What does most machine learning today look like? Most machine learning involves humans labeling examples and training models to predict those labels. For example, in supervised learning, we label a dataset of examples, and the model is trained to predict those labels. This more or less works reliably today, because humans can mostly reliably evaluate the sorts of examples that we care about today. Models are not yet capable enough, or rather, models are generally less capable than humans are, so humans can evaluate the tasks that we want models to do.

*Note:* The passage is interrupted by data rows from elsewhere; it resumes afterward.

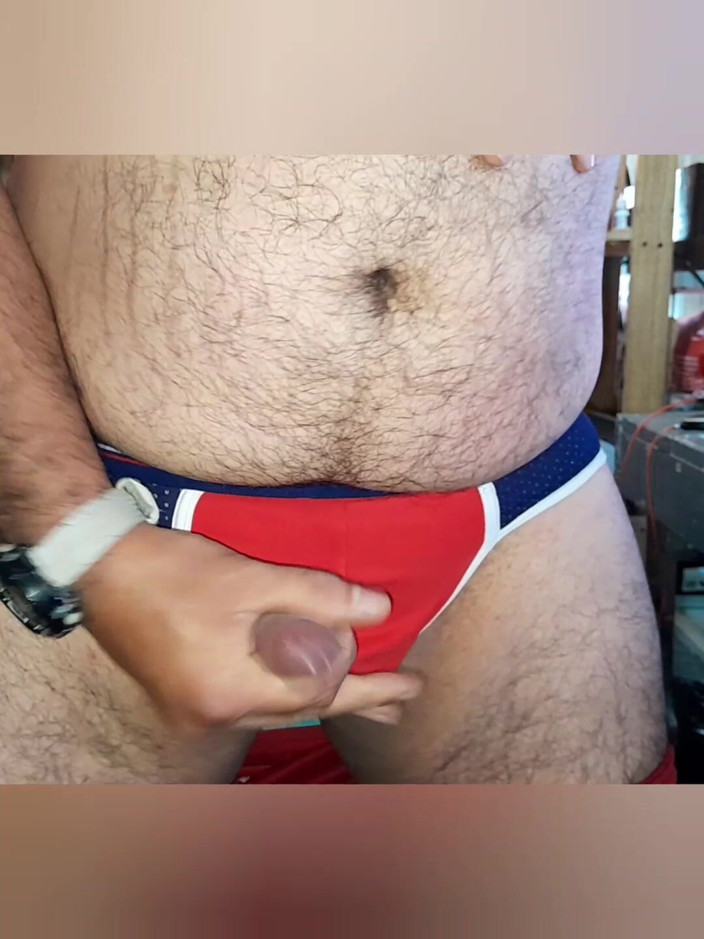 Davidandrexxx: Річ приходить у Red Jocktrap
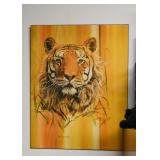 Artwork - Wall Hangings - Tiger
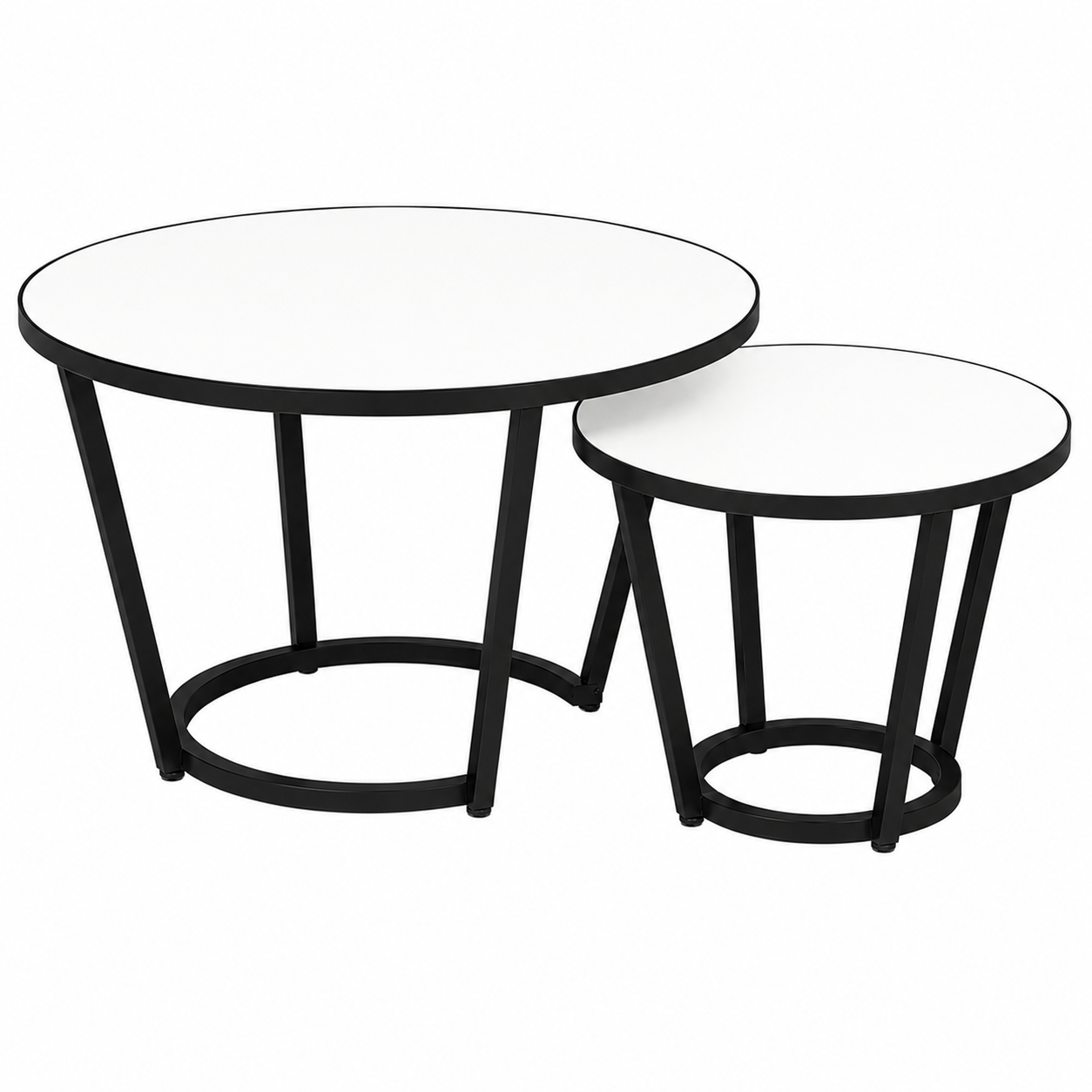 Duo tables basses Loopi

In contrast, in the future, we will have models that are more capable than us, of superhuman models, at least in important domains. In this setting, humans will not be able to reliably evaluate various behaviors that these models are capable of, so it's unclear how we can evaluate how well these models are performing and make sure they're behaving the way we want.

We can't study this directly today, we don't have superhuman models just yet, but we can study a simple analogy that we propose in this paper. We consider this analogy of, what if you take a weak model and use that to supervise a strong model? How well can a weak model control and align a strong model? This captures this core challenge of, can weak supervisors align much more capable models?

Concretely what this looks like today is, for a given task T, maybe it's a classification task like, is this code safe or not, or is it buggy or not, we first train a weak supervisor.

Most of the time, right now, we fine-tune a weak pre-trained model on this task using correct ground-truth labels. Here the weak labels, or the weak supervision, is basically the predictions of this weak model on held-up data. We also look at weak-to-strong performance, so we take a strong pre-trained model, for example GPT-4, we fine-tune it on these weak labels, and we see what is its performance. We then compare this to fine-tuning the same strong model, for example GPT-4, on ground-truth labels.

Intuitively, we want two and three to be as close as possible to each other. If we can get GPT-4 or very strong models to try their best at some important safety task, even if we only have weak supervision, then we can use that to help control and align models. This leads to this basic metric of performance gap recovered, or PGR, which basically measures what fraction of the gap between the weak model and the strong model, for example the gap between GPT-2 and GPT-4. What fraction of that gap can we recover when we fine-tune the strong model, like GPT-4, on the weak labels? We want this to be as close as possible to one. If we can make this one, let's see what happens.

Suggests that weak supervisors can elicit strong capabilities from much stronger models. This is important because this would allow us to train very strong superhuman reward models and safety classifiers. So if we can train reliable superhuman reward models, we can use this to train models to behave safely, even if they are more capable than we are. Or if we train a superhuman safety classifier, we can use this to catch unsafe behaviors from models at test time, even if the model behavior itself is too complicated for us to understand.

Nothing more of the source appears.